Días contados, del director español Imanol Uribe narra el romance de un miembro del grupo ETA y una prostituta drogadicta en la atmósfera marginal que habitan policías corruptos, traficantes de drogas y chulos. La atmósfera del film ya nos habla de cierta apertura, de la aparición cínica de lugares y personajes propios de una democracia naciente. Asimismo, es notoria la presencia de los medios de comunicación, de la fotografía y de algún uso sutil de los espejos, que enfatizan el surgimiento de un mundo donde cada vez es más difícil conocer a los otros más allá de su imagen convencional. De ahí que la película pueda ser un intento por ver de cerca algo que sólo se conoce mediatizadamente y a través del miedo, del horror o la violencia del deseo que termina despojando a los otros de su esencia íntima.

Sin embargo, la presencia de compromisos previos, la imposibilidad de relacionarse más allá de estos, que pesan sobre los personajes de una manera brutal, determinan el film. Todos viven amenazados por el rol que han decidido o debido asumir. Así, no creo que la intención del director haya sido recuperar una personalidad propia e íntima en sus personajes. Una de los aspectos más interesantes de la película es lo desolador de un momento donde la posibilidad de redención: el amor entre Charo y Antonio, es negada por un pasado violento que no se ha superado. Como se dijo antes, la atmósfera de la película es inseparable del momento histórico que evoca, también lo es de las probabilidades que ese momento proyectaba. La película puede ser vista como la probabilidad de catástrofe de una democracia que, con la apertura de los medios de comunicación, la aparición de nuevas actitudes y conductas, coincide con un pasado cuyas ruinas no se han superado y con la imposibilidad de la intimidad, de voces soberanas e individuales que, más allá de la violencia de programas ideológicos radicales o del deseo que configura violentamente sus identidades, puedan relacionarse en un ámbito de sinceridad.

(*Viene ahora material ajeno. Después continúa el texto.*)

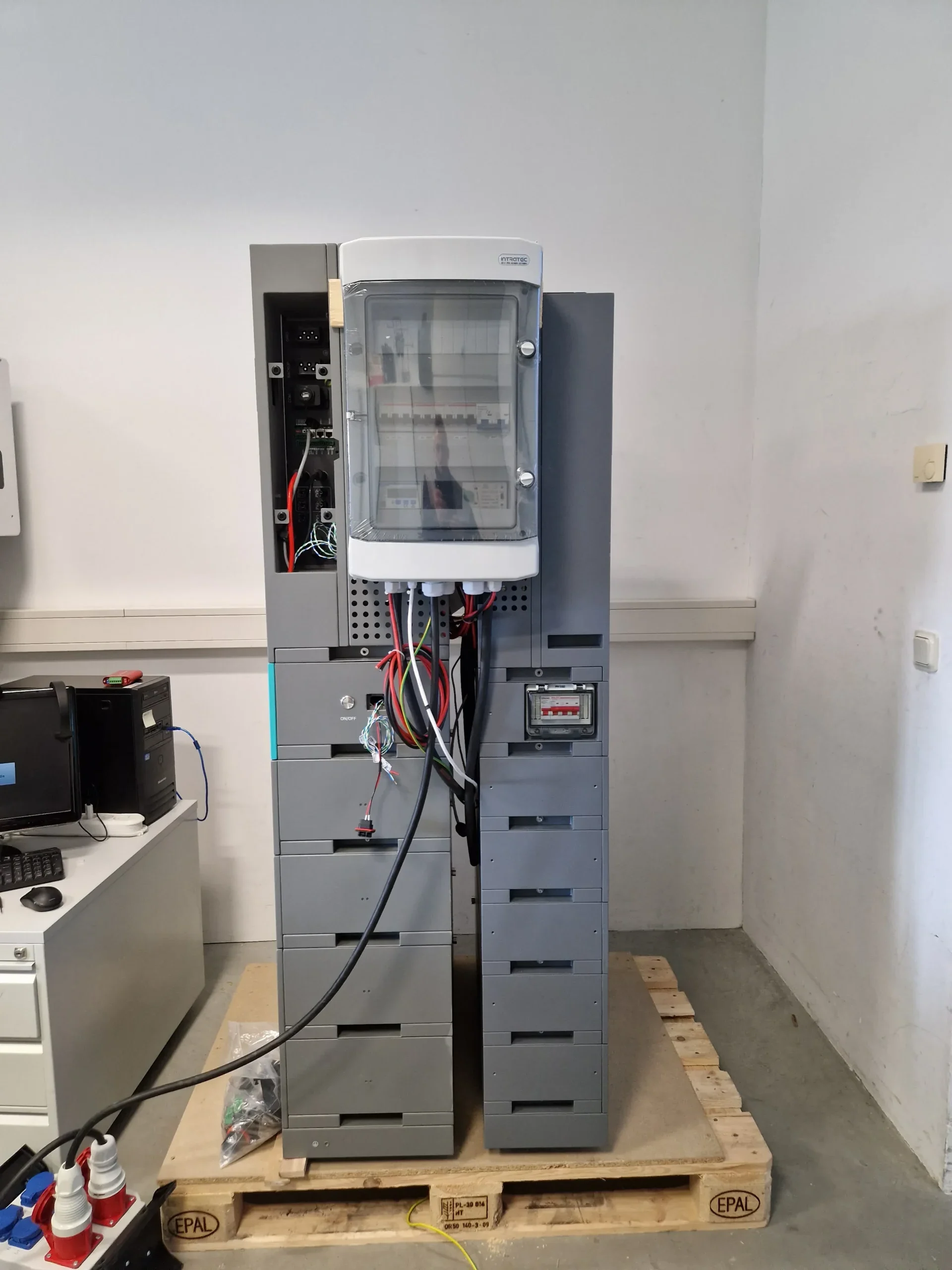 Test Center Berlin 06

De cierta manera, la realización me recuerda a la película Kairo de Kiyoshi Kurosawa, aunque aparentemente ambas obras se encuentran en las antípodas, pueden tener en común un importante aspecto. La película terrorífica de Kurosawa, se desarrolla en los inicios del auge del Internet y comienza con el suicidio de un programador que habría descubierto que, a través de ciertos puertos de conexión, los seres del más allá podían ingresar a nuestro mundo. La intención de estos seres era la aniquilación total de los humanos, lo cual sólo podía lograrse mientras los atrapasen en su soledad. La película del japonés es profundamente terrorífica, porque envuelve con su desolador presagio la imagen de un presente donde la comunicación entre las personas parece devenir mera fantasmagoría. En este sentido, pienso que tanto la película de Kurosawa como la de Uribe, pueden leerse como la catástrofe latente de toda promesa deslumbrante.